Em novembro, eles foram cerca de 270 mil, de acordo com dados da alfândega e da guarda costeira dos EUA, que controlam as chegadas por terra e mar, respectivamente.
Ou seja, segundo dados populacionais de 2021, desde janeiro deste ano 2,4% dos 11,1 milhões de habitantes de Cuba emigraram para os Estados Unidos.
A onda migratória atual supera a desencadeada após o triunfo da revolução de Fidel Castro (250 mil expatriados entre 1959 e 1962), aquela durante o Êxodo de Mariel de 1980 (cerca de 125 mil), os “Voos da liberdade” que deslocaram cerca de 300 mil cubanos entre 1965 e 1973 e a crise dos balseiros de 1994 (mais de 30 mil).
A grande maioria dos cubanos que têm emigrado para os Estados Unidos em 2022 o fazem de forma ilegal e arriscando suas vidas.
O mais comum é voar para a Nicarágua, onde os cubanos não precisam de visto, e acompanhar guias clandestinos por milhares de quilômetros através de Honduras, Guatemala e México, até pisar no solo dos Estados Unidos. As máfias cobram entre US$ 8 mil e US$ 15 mil (cerca de R$ 42 mil a R$ 80 mil).
Há também a opção mais barata, mas ainda mais arriscada, de tentar chegar à costa da Flórida, nos EUA, de barco.
Os planos às vezes falham e muitos acabam deportados ou mortos. Então, por que mesmo assim tantos cubanos estão arriscando suas vidas para chegar aos Estados Unidos?

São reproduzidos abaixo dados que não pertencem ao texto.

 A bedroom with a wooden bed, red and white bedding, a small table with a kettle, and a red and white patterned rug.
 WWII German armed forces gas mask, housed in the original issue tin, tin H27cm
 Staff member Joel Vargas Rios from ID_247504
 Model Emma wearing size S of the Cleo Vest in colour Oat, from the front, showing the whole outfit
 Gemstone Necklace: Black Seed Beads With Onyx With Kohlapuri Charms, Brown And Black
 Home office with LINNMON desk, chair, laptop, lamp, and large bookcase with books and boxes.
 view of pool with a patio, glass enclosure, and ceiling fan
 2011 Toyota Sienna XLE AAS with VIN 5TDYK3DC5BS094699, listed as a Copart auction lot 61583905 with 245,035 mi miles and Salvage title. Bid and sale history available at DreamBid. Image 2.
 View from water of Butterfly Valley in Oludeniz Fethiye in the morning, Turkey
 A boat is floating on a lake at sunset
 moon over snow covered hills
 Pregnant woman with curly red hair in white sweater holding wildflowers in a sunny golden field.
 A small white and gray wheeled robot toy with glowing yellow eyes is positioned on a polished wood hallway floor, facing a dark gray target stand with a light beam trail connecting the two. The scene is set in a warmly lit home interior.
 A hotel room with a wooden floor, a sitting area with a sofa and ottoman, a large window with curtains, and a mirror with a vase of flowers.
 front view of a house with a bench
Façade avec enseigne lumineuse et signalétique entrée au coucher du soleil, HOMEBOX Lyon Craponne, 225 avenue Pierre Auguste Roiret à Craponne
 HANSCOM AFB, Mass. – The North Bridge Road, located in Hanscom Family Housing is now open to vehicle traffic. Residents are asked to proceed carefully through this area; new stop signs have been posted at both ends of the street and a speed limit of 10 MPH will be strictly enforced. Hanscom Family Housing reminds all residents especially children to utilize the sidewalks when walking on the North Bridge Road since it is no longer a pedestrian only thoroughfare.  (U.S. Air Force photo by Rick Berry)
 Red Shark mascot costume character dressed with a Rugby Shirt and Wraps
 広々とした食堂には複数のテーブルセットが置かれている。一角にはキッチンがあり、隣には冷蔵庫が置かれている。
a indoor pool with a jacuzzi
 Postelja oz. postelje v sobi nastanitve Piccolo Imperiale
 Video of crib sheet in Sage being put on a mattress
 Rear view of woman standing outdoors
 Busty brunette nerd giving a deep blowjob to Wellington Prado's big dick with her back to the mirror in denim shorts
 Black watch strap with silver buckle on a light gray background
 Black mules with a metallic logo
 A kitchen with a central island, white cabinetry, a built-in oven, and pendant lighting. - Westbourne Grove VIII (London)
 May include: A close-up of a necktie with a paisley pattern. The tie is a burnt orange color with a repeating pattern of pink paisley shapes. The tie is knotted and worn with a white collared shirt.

1. Escassez e falta de oportunidades
Diana Pérez, uma filóloga de 27 anos e administradora de redes sociais, chegou a Miami em março, após percorrer, por 16 dias, uma rota pela América Central que lhe custou cerca de US$ 10 mil (R$ 53 mil).
“Decidi vir porque em Cuba não se pode fazer nada: comprar comida, produtos de limpeza, sair para tomar um café, viver do trabalho… As pessoas lá não vivem mais, apenas sobrevivem”, explicou à BBC News Mundo (serviço em espanhol da BBC).
Oito em cada dez cubanos que emigram para os Estados Unidos têm entre 15 e 59 anos, ou seja, a grande maioria está em idade de trabalhar.
Mas eles não querem fazer isso em Cuba, onde o salário médio mensal de um emprego público equivale a aproximadamente US$ 22 (R$ 115). O setor privado se limita a um grupo restrito de atividades e ofícios.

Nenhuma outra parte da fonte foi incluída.